Sorry for writing an obvious bad query in subject but it accurately describes the result I am looking for.

I have a table with classID int, studName string, grade int. I need a result that lists each classID, studName that achieved the highest grade in each course. multiple students can achieve the grade and each should be listed in descending order first by classID then by studName.

sample output: | classID | studName| |---------|---------| | 101 | Mary | | 101 |Nate | | 101 |Chris | | 102 |Benjamin | | 103 |Nate | |103 |Tom | etc...

my first guess is:

SELECT classID, studName from table1 where grade = MAX(grade) group by classID, studName;

but this gives an error: ... not yet supported place for UDAF 'max'

I have also tried creating a view:

CREATE VIEW newView as select classID, MAX(grade) from table1 group by classID;

and using it in a subquery in the where statement:

select classID, studName from table1 where grade IN (select * from newView) group by classID, studName;

but it seems that : "SubQuery can contain only 1 item in SELECT List"
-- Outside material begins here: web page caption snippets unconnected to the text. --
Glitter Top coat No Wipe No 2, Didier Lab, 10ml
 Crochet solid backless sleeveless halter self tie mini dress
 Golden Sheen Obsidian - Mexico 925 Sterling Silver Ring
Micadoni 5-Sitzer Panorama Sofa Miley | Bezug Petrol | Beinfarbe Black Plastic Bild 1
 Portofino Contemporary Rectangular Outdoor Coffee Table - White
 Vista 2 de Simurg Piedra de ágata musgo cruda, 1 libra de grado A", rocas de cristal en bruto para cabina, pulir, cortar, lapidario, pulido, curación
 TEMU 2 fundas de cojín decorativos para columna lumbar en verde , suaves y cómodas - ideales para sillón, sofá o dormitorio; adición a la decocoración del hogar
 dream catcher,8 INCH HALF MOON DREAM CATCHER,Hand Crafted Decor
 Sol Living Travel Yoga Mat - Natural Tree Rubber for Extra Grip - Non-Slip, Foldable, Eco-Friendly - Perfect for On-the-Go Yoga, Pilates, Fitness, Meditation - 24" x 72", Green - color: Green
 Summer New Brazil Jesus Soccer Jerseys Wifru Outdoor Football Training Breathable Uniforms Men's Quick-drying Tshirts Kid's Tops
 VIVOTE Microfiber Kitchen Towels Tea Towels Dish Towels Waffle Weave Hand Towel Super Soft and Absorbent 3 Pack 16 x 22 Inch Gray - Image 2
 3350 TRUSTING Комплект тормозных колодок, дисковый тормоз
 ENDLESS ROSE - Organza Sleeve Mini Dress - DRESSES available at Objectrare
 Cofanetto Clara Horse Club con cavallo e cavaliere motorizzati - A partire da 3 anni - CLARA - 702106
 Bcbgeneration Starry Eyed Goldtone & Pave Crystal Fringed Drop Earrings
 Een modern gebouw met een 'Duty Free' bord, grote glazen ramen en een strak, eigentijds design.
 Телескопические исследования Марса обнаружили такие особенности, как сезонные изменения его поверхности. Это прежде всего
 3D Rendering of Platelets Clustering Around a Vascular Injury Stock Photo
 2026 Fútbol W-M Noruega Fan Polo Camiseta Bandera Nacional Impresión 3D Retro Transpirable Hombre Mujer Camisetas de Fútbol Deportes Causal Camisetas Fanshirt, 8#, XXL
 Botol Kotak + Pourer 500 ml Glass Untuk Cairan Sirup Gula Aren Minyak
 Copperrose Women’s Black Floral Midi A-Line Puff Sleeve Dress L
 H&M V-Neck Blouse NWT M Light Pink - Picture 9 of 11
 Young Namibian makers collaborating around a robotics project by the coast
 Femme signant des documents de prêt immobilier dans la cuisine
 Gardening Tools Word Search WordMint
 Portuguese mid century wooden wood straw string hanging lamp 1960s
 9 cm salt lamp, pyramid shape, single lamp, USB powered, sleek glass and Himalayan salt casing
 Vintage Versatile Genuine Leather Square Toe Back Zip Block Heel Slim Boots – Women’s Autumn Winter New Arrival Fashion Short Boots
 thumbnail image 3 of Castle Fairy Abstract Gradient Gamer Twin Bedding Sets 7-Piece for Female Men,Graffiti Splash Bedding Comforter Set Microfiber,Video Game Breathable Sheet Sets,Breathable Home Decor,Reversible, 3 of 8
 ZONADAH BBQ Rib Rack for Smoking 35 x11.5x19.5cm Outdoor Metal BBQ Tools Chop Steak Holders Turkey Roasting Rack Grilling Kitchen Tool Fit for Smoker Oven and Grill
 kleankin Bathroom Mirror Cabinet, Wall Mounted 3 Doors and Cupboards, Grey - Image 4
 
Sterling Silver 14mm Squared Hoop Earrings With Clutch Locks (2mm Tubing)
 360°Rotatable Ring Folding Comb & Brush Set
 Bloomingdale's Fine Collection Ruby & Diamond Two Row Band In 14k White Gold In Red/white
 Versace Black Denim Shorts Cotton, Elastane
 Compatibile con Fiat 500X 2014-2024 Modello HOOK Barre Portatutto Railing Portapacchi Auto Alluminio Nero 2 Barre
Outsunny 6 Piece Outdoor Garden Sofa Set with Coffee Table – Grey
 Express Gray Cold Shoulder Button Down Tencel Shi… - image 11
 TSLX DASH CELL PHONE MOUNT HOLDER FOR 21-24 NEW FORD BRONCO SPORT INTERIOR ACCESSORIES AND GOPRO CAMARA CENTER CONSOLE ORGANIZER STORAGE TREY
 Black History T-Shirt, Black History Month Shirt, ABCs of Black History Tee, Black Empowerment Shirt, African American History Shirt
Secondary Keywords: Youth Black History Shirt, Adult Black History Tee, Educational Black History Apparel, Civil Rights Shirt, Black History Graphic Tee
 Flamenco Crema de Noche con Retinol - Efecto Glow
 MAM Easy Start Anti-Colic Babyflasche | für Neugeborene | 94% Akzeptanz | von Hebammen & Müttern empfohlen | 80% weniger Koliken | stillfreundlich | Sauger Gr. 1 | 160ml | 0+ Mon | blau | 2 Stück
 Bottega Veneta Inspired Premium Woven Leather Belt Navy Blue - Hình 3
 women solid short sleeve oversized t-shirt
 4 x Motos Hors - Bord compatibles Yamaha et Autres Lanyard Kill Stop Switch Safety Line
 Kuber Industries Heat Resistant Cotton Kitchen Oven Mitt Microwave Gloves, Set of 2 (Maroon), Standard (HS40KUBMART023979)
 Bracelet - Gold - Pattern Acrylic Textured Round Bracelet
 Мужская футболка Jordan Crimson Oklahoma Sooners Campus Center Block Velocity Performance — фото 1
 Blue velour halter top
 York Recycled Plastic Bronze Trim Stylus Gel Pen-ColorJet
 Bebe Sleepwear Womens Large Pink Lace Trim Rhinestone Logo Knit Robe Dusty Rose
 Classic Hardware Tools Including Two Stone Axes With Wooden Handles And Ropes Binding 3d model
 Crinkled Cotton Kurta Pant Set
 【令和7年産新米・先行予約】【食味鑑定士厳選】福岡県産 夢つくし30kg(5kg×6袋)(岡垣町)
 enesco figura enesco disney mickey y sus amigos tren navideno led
I have poured over "Apache Hive Essentials" book with no luck either.

I am new to HiveQL and this one is keeping me up at night. Any help would be GREATLY appreciated.

Thanks


Solution

  • Issue with your SQL -
    You need to name the max column and then use it in subquery IN clause.
    change the view like below.

    CREATE VIEW newView as select classID, MAX(grade) as maxgrade from table1 group by classID;
    

    Change your SQL like this

    select classID, studName from table1 where grade IN (select maxgrade from newView) group by classID, studName;
    

    Solution But this SQL will help you in achieving what you need 'find students who got max grade in each subject' by tweaking your SQL.

    select classID, studName, grade
    from table1 
    join (select classID mxid, MAX(grade) as maxgrade from table1 group by classID) mx -- this subquery will pick maximum grade in each class.
    ON grade =mx.maxgrade and classID = mx.mxid -- This join will select only the students with maximum grade in each class.